Of the various fronts in the nation's "war on drugs," none seems more perverse and pointless than the raids that Atty. Gen. John Ashcroft pressed Drug Enforcement Administration agents to stage against patients treating themselves with medical marijuana under Proposition 215, a law that California voters passed eight years ago.
On Monday, two of those patients --Angel Raich, an Oakland mother of two who used the drug as a last resort to ease the constant pain of a brain tumor, and Diane Monson of Oroville, who used cannabis to help her stay mobile despite a degenerative spinal disease -- struck back, appealing their right to treatment to the U.S. Supreme Court. That the Justice Department considers them criminals shows something seriously out of whack in Washington.

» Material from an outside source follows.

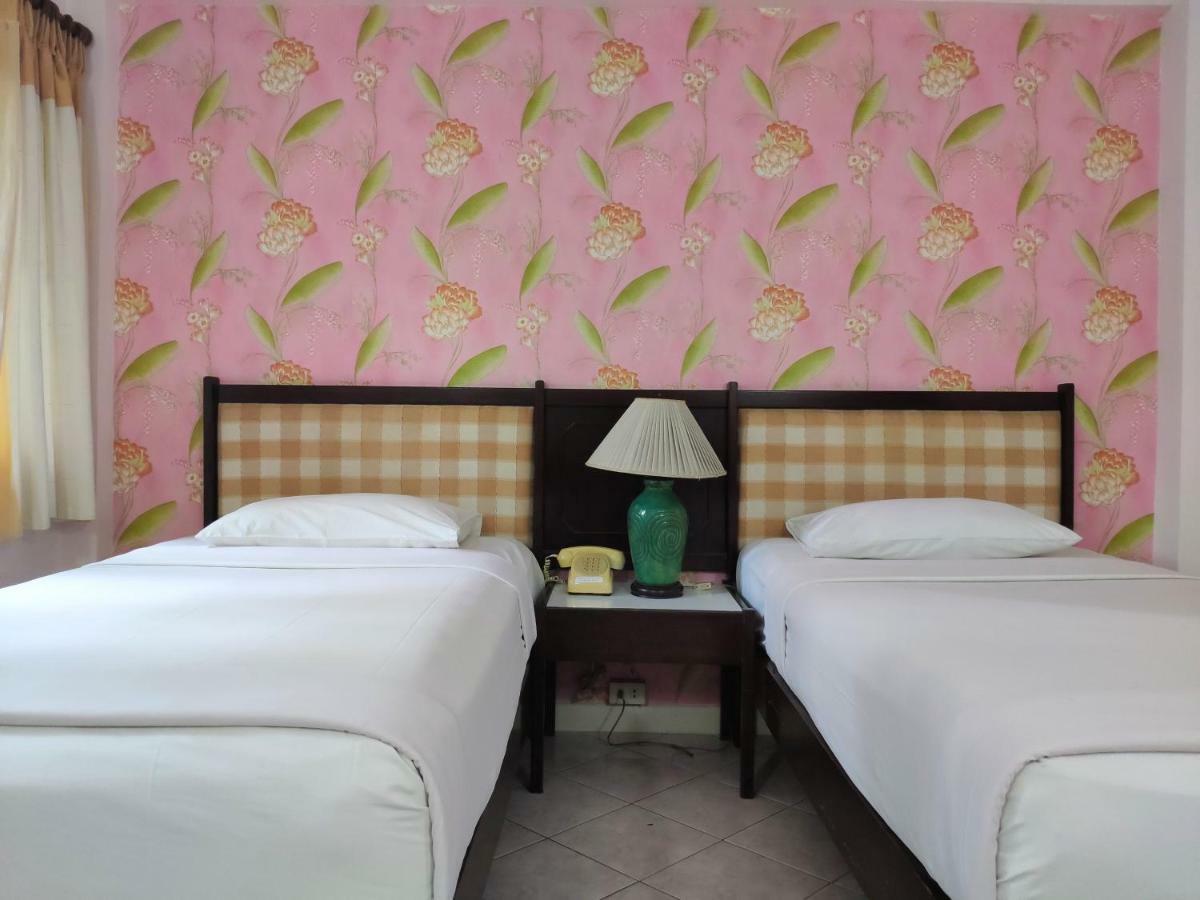 Changpuak Hotel Chiang Mai Exterior photo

Ashcroft's lawyers argued, on narrow legal grounds, that the government had every right to prosecute because Congress in 1970 decreed that marijuana was a Schedule 1 drug, a chemical devoid of any possible medicinal value and illegal in all uses. Even morphine and cocaine are granted more legitimate status.
Some of the justices fretted that allowing Raich to grow her own pot and use it would open the floodgates for unlimited recreational use. Granted, not every medical marijuana user has a case like Raich's, but commercial prescription drugs are misused, often widely, without being banned or put on Schedule 1.